Your come back is always about terminology. That is just pathetic. Murder and rape are not just legal definitions - they are words used in the English language to describe the killing or sexual assault of someone. If you cancel the word you do not cancel the action. How can you be so utterly blind???? Whether there are laws or not there will always be murder and rape.
It's impossible to have this sort of debate with someone who is so completely blinkered.
Before my epiphany about what law is (and isn’t), I thought as you do. I do understand your point, but you don’t get mine. Instead of trying to comprehend—you’re accusing me of being ‘blinkered’ and ‘utterly blind’.
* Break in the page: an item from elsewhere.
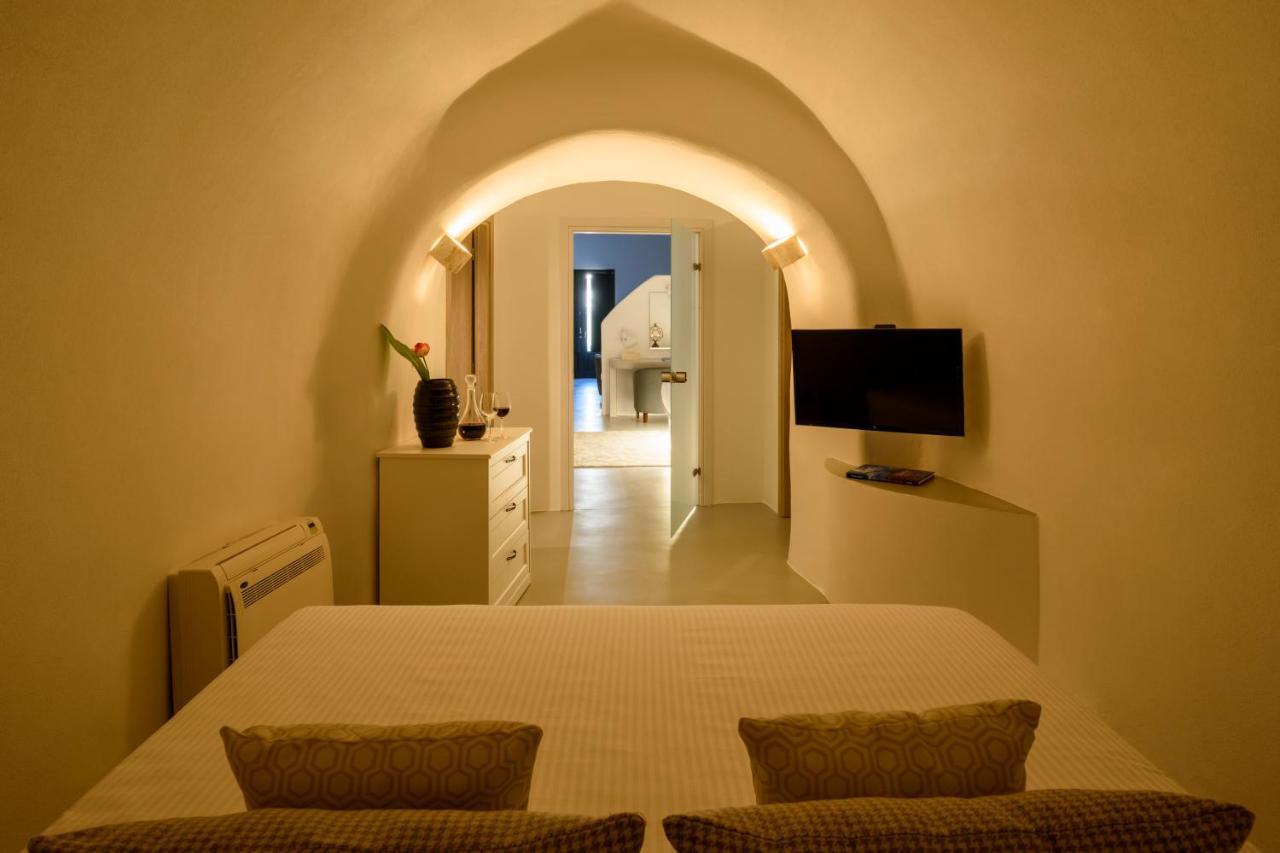 White Dream Suites Фіра Екстер'єр фото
The terminology of ‘rape’ and ‘murder’ is just semantics—BUT—ideas expressed by mere words form the core of ideals and for these two words in particular, society has granted itself the authority to imprison or even to kill (even when they sometimes have the wrong person). However, when you closely examine the principles UNDER the words, they don’t hold up as intrinsically true. In other words, the pedestal of law rests on a canted surface—the whole structure is askew.
Modifying the theory that justice rests on would mandate a change in the terminology, and the model that grows from those new words could comprise TRUE justice.
You keep bringing up the example of the korean kid who killed all those people at Virginia Tech, but I don't see how this new "system" you so passionately defend would have prevented this from happening. To me the simple explanation is that he was mentally sick.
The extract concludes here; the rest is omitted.